I wish. August is ending, with September coming right behind. Off to a six-day camp and tour with my soccer team. Looking forward to seeing how my individual work this summer pays off. It's been a summer of working out, fishing and keeping my brain in "school shape." It's definitely important to take a little break when school first ends -- slept past 6 am for the first time in almost a year. I never realized before how awesome sleep could be. It's a rewarding activity in and of itself!
When you are pushing yourself in school and sports, you really need to find a balance. Sports are an option, they are supposed to be something you do for the love of it. You need to make sure you really love what you are doing -- and you need to make sure you are doing it for yourself. It won't work in the long run otherwise, I believe.
I was as serious about baseball as I am about soccer up until about two years ago. One day I was sitting in the dugout during my team's turn at bat during a double header, and realized that as much as I loved the sport, I simply did not want to play it competitively anymore. I didn't know what to do, however. My parents loved baseball. I had been playing it for years and years. I was a key player on a team that won its district and its section and its region in the state championships. I picked up my glove and ran back onto the field when we made our third out.
A month later we were playing the state tournament again. In the championship round, I got up and nailed an outside pitch off the right centerfield wall. I busted it out of the box just as my father always told me, just as I know any good player should, and just as every coach has told every player at every practice since the beginning of baseball time. I cut the base properly at first, toe-tapped second and flew into third. A triple. Everyone screamed. The third base coach was ecstatic. I looked at my parents, sitting just on the other side of the fence a few feet away. "I don't want to do this anymore," I mouthed.
The car ride home was weird. I could see my parents thinking. I was thinking too. Later that night my father told me he thought I just needed "a little break from baseball" and that I was just "burnt out on it" and "would realize I still wanted to play it in a month or so." He was disappointed. My mother was too. When I stuck to my guns and didn't change my mind a month later, my coaches seemed disappointed too. Everyone seemed disappointed. But everyone seemed to understand too.
I had sleepless nights worrying about telling my parents and coaches I was quitting baseball. Honestly, whatever fear I had about telling people I was quitting baseball seemed silly within days of letting people know what I wanted. It wasn't relief as much as much as happiness from realizing that decisions in my life were mine to make. And a sense of security from realizing that people cared about me enough to understand, accept and support my decisions.
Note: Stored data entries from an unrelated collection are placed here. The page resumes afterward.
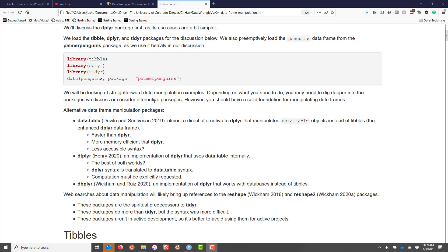I did also want to mention some of the alternative data frame manipulation packages you might stumble across in web searches or that you might consider for manipulating the data frame that you are working with. Perhaps the best known one is the data.table package, which is extremely powerful. It's almost a direct alternative to dplyr.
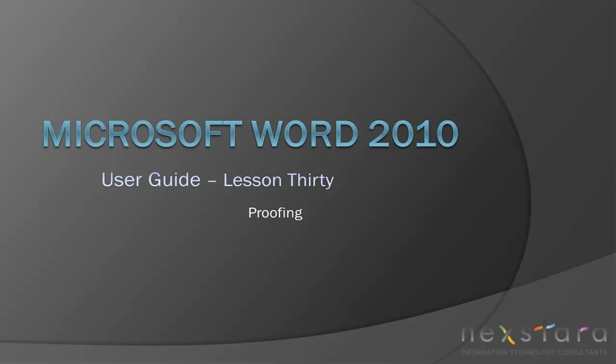Welcome to Nexstar TV. My name is Emily, and today's video is Microsoft Word 2010 User Guide Lesson 30, Proofing.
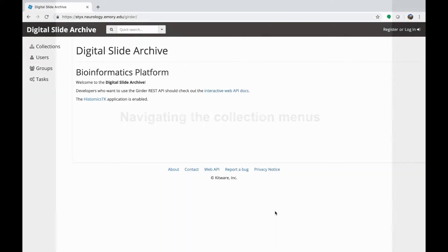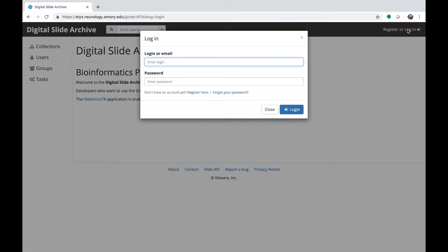First, let's look at how to navigate the collection menus and open slides in the viewport. This is the landing page you'll see when you use the URL provided by your site admin. In the upper right corner, there's a link to register and create a user account and also to log in. Just enter your login credentials at this window. There's also a link in case you've forgotten your password to request a password reset.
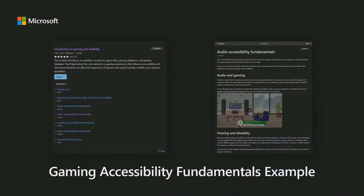On the left of this example, you can see the first unit of the training — introduction to gaming and disability — and the seven modules it consists of. The unit's rating along with the average time needed to complete both the unit and each module is also presented. On the right, you can see the beginning of one of these modules along with introduction information and a still shot of one of the many videos included in the training course.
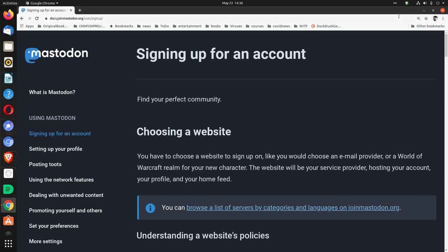Okay, Mastodon, signing up for an account. Find your perfect community.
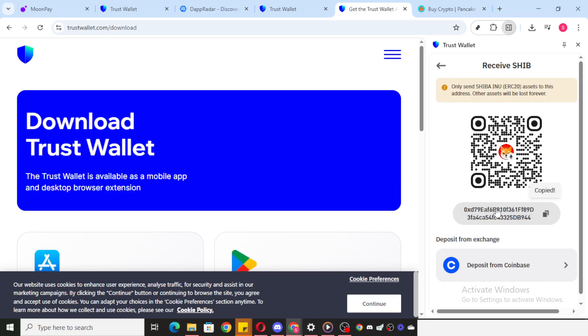And just like that, you have your EVM wallet address. This process not only helps in ensuring your transactions remain smooth, but also secures your digital assets by using the right network. Understanding these steps empowers you to have better control over your crypto holdings.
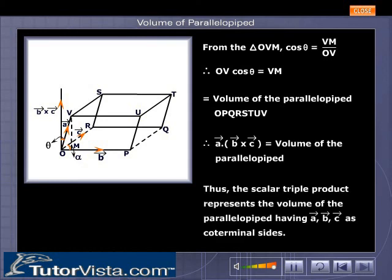Thus, the scalar triple product represents the volume of the parallelepiped having vector A, vector B, vector C as co-terminal sides.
I enjoyed my very next soccer practice more than ever. My father and I continue to watch the Mets (with the same misplaced hope and ultimate anguish we always had). We still have a baseball catch once in a while and when the mood strikes, I ask him to throw me a few balls to hit. I love swinging the bat.
Another sunset is here. Only so many in any given summer. Gotta do what you love.
Sunset on the home lake in Ellenville NY.